**Supplied data:**
=== Section Start ===
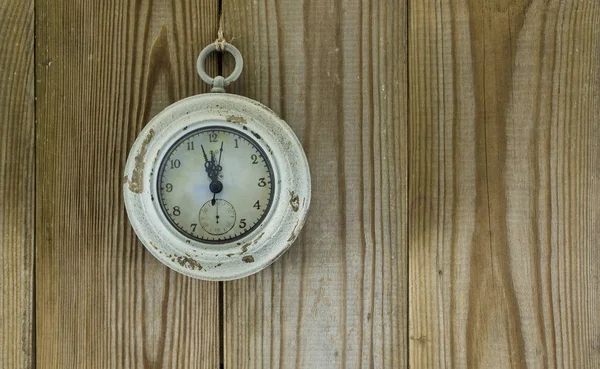 Relógio velho indica cinco a doze — Fotografia de Stock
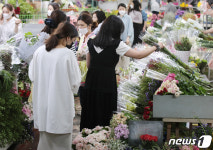 조금씩 활기 되찾는 꽃시장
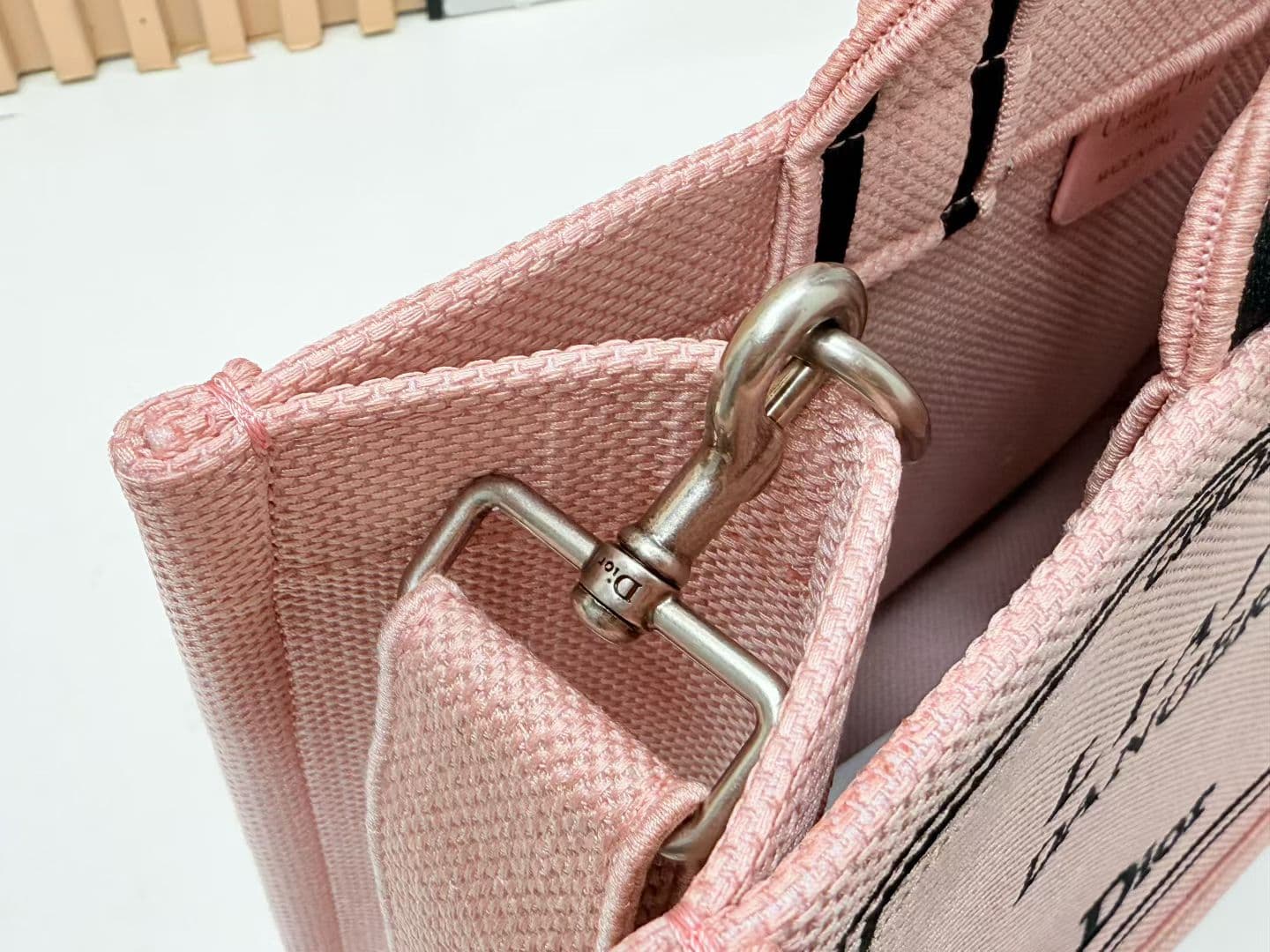 C2002 Details of Diô JWA’s new bags in the first season! The classic bags now have a modern feel. — image 6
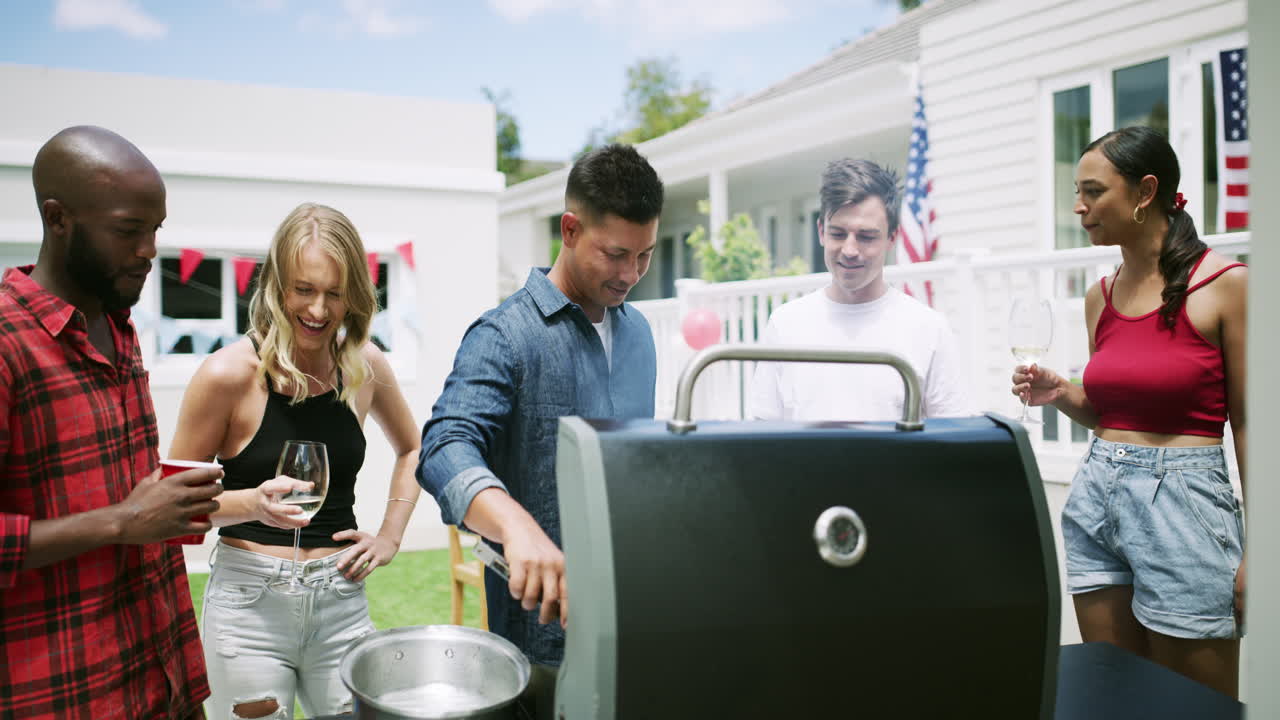 amigos disfrutando de una barbacoa en el patio trasero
=== Section End ===
No pictures belong in the output. It should reproduce exactly the lines from the one containing "조금씩 활기 되찾는 꽃시장" through the end of the data, both ends included.

 조금씩 활기 되찾는 꽃시장
 C2002 Details of Diô JWA’s new bags in the first season! The classic bags now have a modern feel. — image 6
 amigos disfrutando de una barbacoa en el patio trasero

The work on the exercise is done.